I'm here to meet guys from 18 to 49 years old for dating, friendship, romance, marriage and serious relationship.
As I walk to the journey of my life, I am alone.
Facing all the loneliness and getting miserable everyday.
There was a time when I was reading a book while drinking coffee.
I saw two lovers kissing, holding hands and hugging every moment like there's no tomorrow.
I realized living this life is living with my responsibilities of what I needed to do.
Why can they be happy?
Why can't I?
Don't I deserve to be love?
For that kind of happiness?
A good friend of mine once told me that maybe God is not yet finish writing your love story.

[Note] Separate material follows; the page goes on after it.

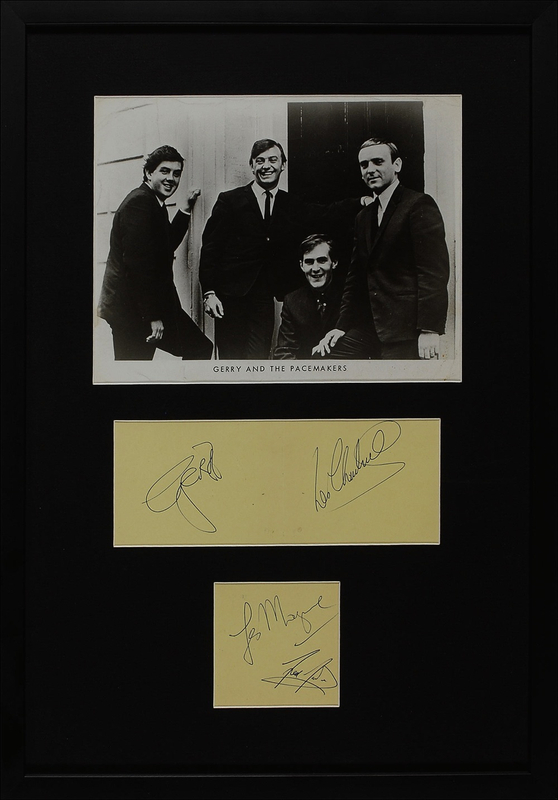 Lot 765 Gerry and the Pacemakers Signatures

Maybe he was right but I always find myself still alone.
Sometimes I get tired and try to find it.
But the more I tried, the more I failed.
Watching a woman in the mirror with full of sadness and hope.

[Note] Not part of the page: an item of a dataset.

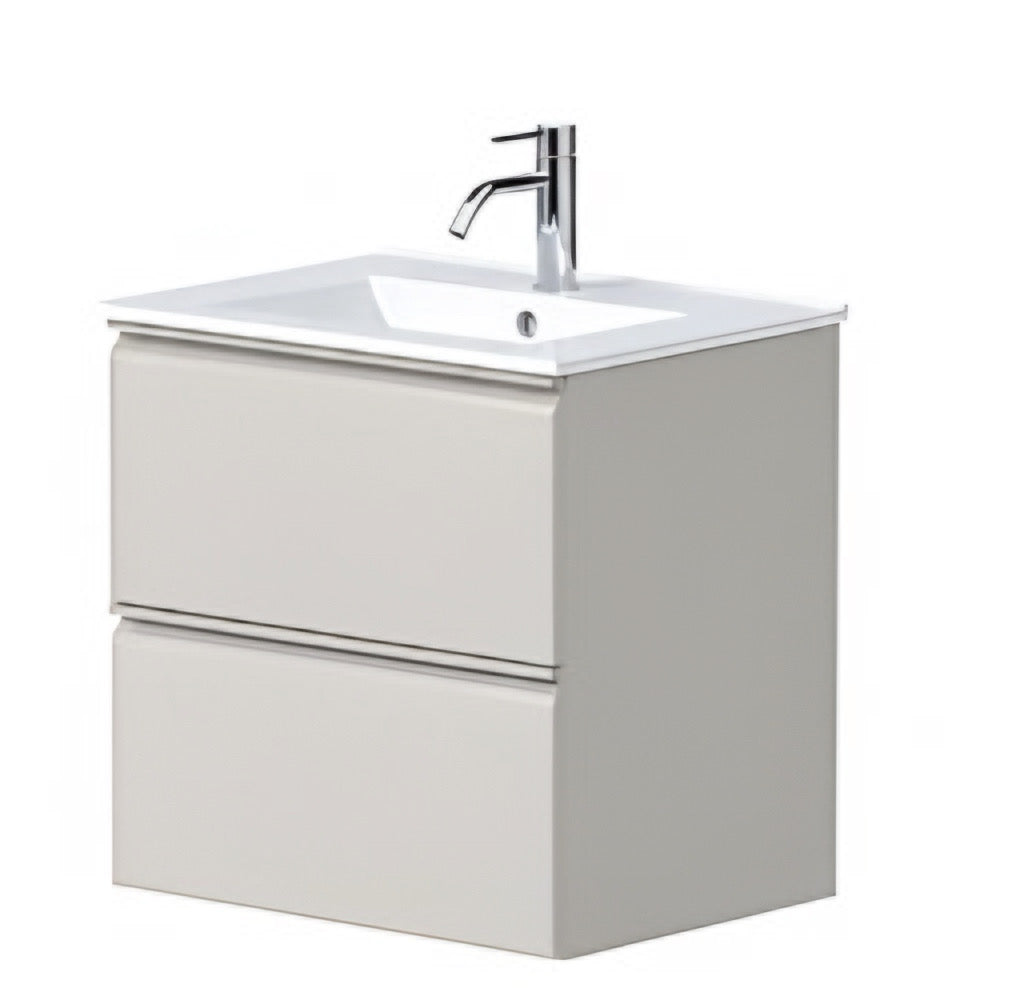Alan T. Carr 500/600mm Kora Wall Hung 2 Drawer Unit & Basin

I'd like to see someday my other half and the reason why I am living.
There was a time, it comes to my mind maybe this is the result of watching love story movies, reading classic romance pocketbooks and believing in fairy tales that there is a happily ever after that I deserve.
Even the whole world would tell me to stop waiting for my prince charming I would still wait even it takes forever.
I know my prince charming is just somewhere finding me.
We will meet not in the right time but in God's time.
I'm not finding a typical prince charming who has everything but a prince charming that will show to me what real love is.
A man that would let me feel that I didn't wait for nothing that happily ever after truly exist.
I would let him love me in his ways not mine.
If one day we will live in our home
I know seeing each other everyday is love at first sight.
I know if someday problems will come I have a shoulder to lean on, a hug to comfort me and a kiss on my forehead.
He would be there beside me.
No matter what happen, he would not leave me. I would never leave him.
Lastly, I want to sleep on his lap telling me how much he loves me.
I will respond "Thank you for finding me, I will never get tired of loving you".